Let your mind travel, for a moment, to the image of Marlon Brando as Vito Corleone, holding a tiny kitten in his lap during the opening scene of “The Godfather,” if only to remind yourself of the gaping chasm between the elegance of those movies and the tackiness of this real life. Despite the disparity, Stone seems keen to imagine himself as a grand figure in the Corleone saga. According to the indictment, Stone also suggested to Credico that he “should do a ‘Frank Pentangeli’ ” during his testimony before the House Permanent Select Committee on Intelligence. The reference was to a character from “The Godfather: Part II,” who “testifies before a congressional committee and in that testimony claims not to know critical information that he does in fact know.”

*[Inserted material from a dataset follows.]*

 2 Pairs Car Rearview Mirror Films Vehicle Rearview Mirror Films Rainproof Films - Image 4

That’s a handy summary written by some cinephilic member of the Mueller team, but here’s a bit more. In the movie, Pentangeli, who is played by the actor Michael V. Gazzo and goes by the nickname Frankie Five Angels, runs the New York operations for the Corleone family. After a dispute with the boss, Michael, played by Al Pacino, Pentangeli is nearly murdered. He thinks that the hit was ordered by Michael, and so he agrees to enter witness protection and testify against the don in the government’s ongoing Senate investigation of the Mafia. (They were trying to get Michael on perjury.) But on the day of his testimony Pentangeli’s brother Vincenzo arrives in the hearing room, looking sad and a bit baffled, having been hustled over from Sicily by the Corleone family to sit in the audience. Vincenzo’s appearance gives Frank cold feet, and he recants his earlier sworn statement, saying, “I don’t know nothing about that,” and adding that he made up a lot of stuff to get a deal from the F.B.I. The hearing adjourns into chaos.

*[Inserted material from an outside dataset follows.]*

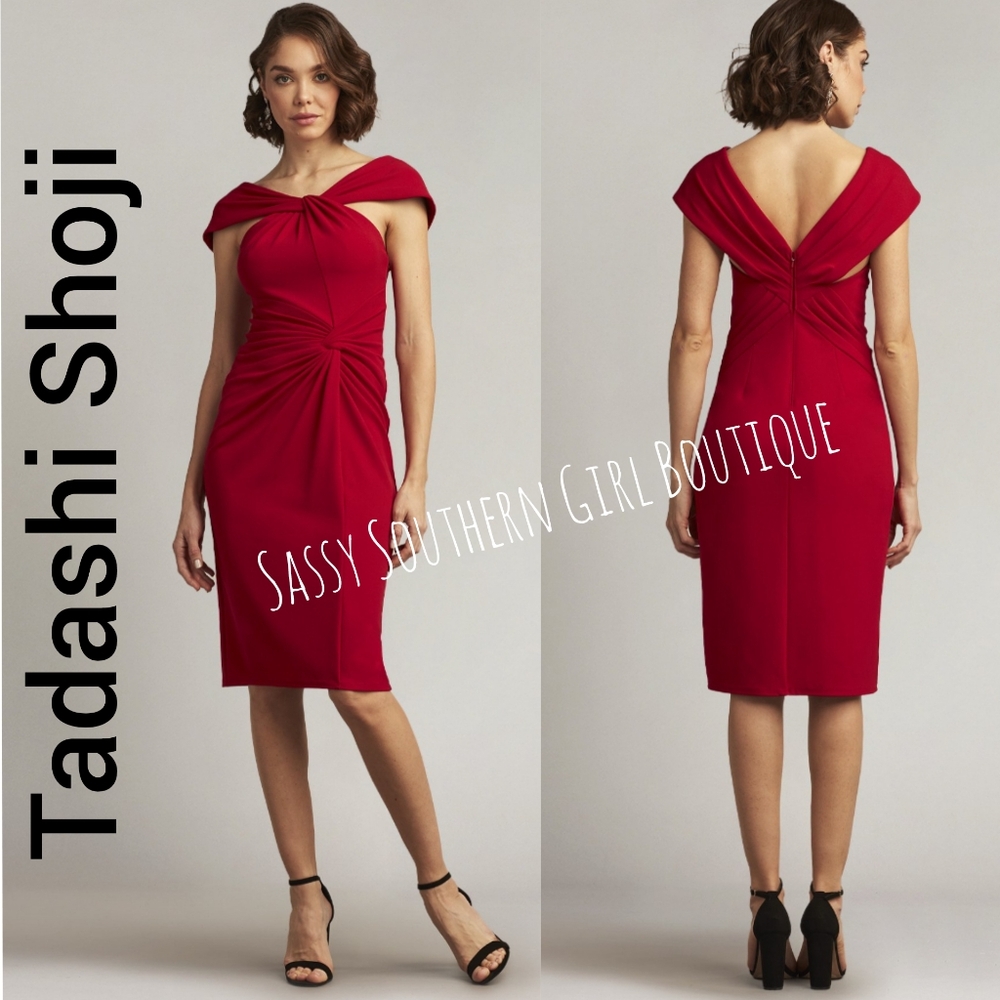 🆕⭐Tadashi Shoji red halter midi dress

Every two-bit hustler in America seems to love the “Godfather” series, and most, especially the ones who get arrested by the F.B.I. in early-morning raids on their homes, learn the wrong lessons from it. You can see the appeal of the Frankie Five Angels moment for the likes of Roger Stone. After looking his brother in the eye, Frank can’t bring himself to rat out the family. The pesky government, reaching for a perjury charge, gets thwarted by the old omertà codes of honor and loyalty. Later in the movie, when Michael’s wife, Kay, asks what really happened in the Senate hearing, he tells her, of Frank, “His brother came and helped.” Kay asks, “All he had to do was show his face?” Michael responds, “It was between brothers, Kay. I had nothing to do with it.” For years, tough guys everywhere have seen this moment as one in which one brother helped another to do the right thing.

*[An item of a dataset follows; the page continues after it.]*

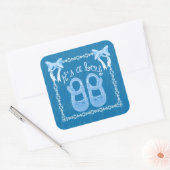 Baby shower sticker blauw vierkant (Envelop)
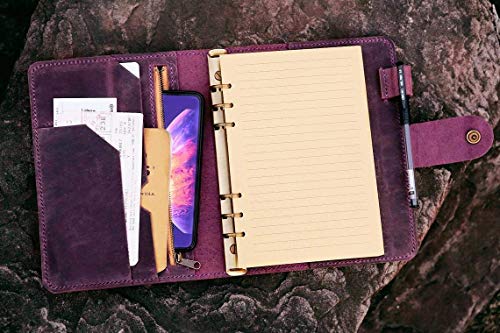 Personalized vintage purple leather notebook cover diary planner A5 refillable travel journal binder NBA523TB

But Michael, of course, is a liar. If Frank had testified against the Corleones, his brother Vincenzo and his children would have been hunted down and killed. All the movie’s oft-quoted axioms—“Don’t ever take sides against the family,” etc.—are bunk, made clear by the fact that Michael routinely kills family members who betray him. (See his brother-in-law Carlo and, of course, his brother Fredo, whose death in a dinghy on Lake Tahoe marks the story’s final descent into tragedy.) The cold truth of that moment in the Senate hearing emerges later in the movie, when Michael’s lawyer and adopted brother, Tom, visits Frank in jail, and the two men negotiate a grim compromise. Speaking of Roman times, they reflect that when someone made a failed move against the emperor, a person’s family might be spared and looked after—“taken care of,” as Frank tells Tom—if that person went home quietly and killed himself, making no more trouble. And so that’s what Frank agrees to do. “Don’t worry about anything, Frankie Five Angels,” Tom tells him. The last time we see Pentangeli, he’s dead in a bathtub, having slit his own wrists.
You can see why Stone’s suggestion to Credico might have seemed less than appealing, and even menacing. The subtext here, if we want to call it that, is that there must be a kind of screw-you-copper honor among thieves. The problem for the likes of Stone, Credico, and all the other “Godfather”cosplayers out there—those adjacent to Trump and elsewhere—is that they forget that there is only one boss, and it ain’t them. They are further down the ladder, exposed and expendable. These men imagine themselves to be regal antiheroes—to be the Vito or the Michael of their story. Really, they’re just the Fredos and the Frankies.